Yes, almost.
The basic_string_view design is particularly unfortunate: it's made
after C++11 and still it returns inefficient and functionality-limiting
references to characters, rather than just the values.
> it is starting to sound a bit unusable
It's not an optimal improvement compared to a different more
COW-supporting string class design. But that doesn't mean unusable. It
means the /improvement/ from a non-COW implementation is just less than
optimal, and that depending on the operations mix it can be some percent
slower or some percent faster, instead of ~always faster.
However, even within the standard's limited support there are still ways
to access the contents of a COW-implemented std::basic_string without
incurring unsharing of the buffer, including (what pops up from my
association circuits right now):
• Output to a stream.
• Indexing where the result is just used as an rvalue `Char`.
• The range based `for` loop.
I think supporting indexing with use as rvalue might possible with a
pure library implementation, by detecting the return type via `operator
auto()` (or in C++11 and earlier `operator T` with `T` a template
parameter), but if that turns out to have some problem, e.g. overload
resolution?, then it's certainly possible via the special status of the
standard library: that it can rely on compiler support and compiler
intrinsics and knowledge of the particular concrete compiler behavior,
e.g. as the standard library's `offsetof` macro necessarily does.
The range based `for` loop apparently requires compiler support, but
again, the standard library has that support.
If basic_string_view had been reasonably designed then that would also
be a way to access the contents of a COW-implemented string without
incurring a possible unsharing.
This is already pretty rich functionality for accessing the contents.
But a main thing lacking is a way to obtain a /temporary pointer/ to the
buffer, in order to pass to a function requiring such pointer. Sort of
like `c_str()` except the temporary pointer would also be invalidated by
any operation that obtained a possible reference to the string, except
for the `char` value indexing case noted above. A new version of the
standard could just introduce such an operation, so it's possible for
the standard to turn 180 degrees again and support COW.
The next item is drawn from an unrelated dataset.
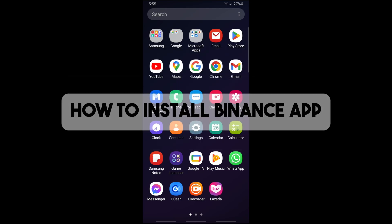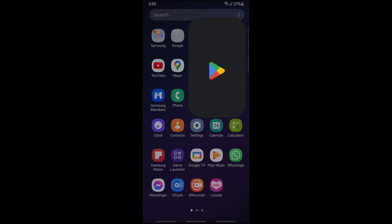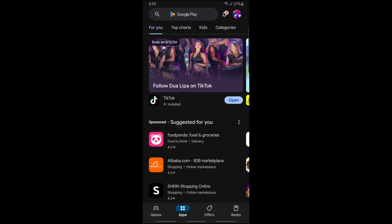Hey guys, welcome back to the channel. Today I'm going to show you how to install the Binance app. First thing you'll do is simply open up your Google Play Store on your device if you're using Android. If you're using an Apple device, just open up your App Store.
> so I am not sure I agree with your analysis that that is
> doing COW "correctly".
As the C++03 standard put it, in its §21.3/6 (but this was non-normative
text in an inline note): “A reference counted implementation must have
the same semantics as a non-reference counted implementation.”
That effectively means /as if/ a separate buffer is used for each instance.
I.e. “correct” is defined by the external behavior always conforming to
the standard's requirements, modulo requirements that are implicitly
ignored in a given context (such as discussing whether this is possible
without the C++11 O(1) requirement on indexing). And the standard
doesn't require an implementation to be optimal! This notion of
correctness, the one specified by the standard, is the one that's
relevant in a question and answer about what the standard permits.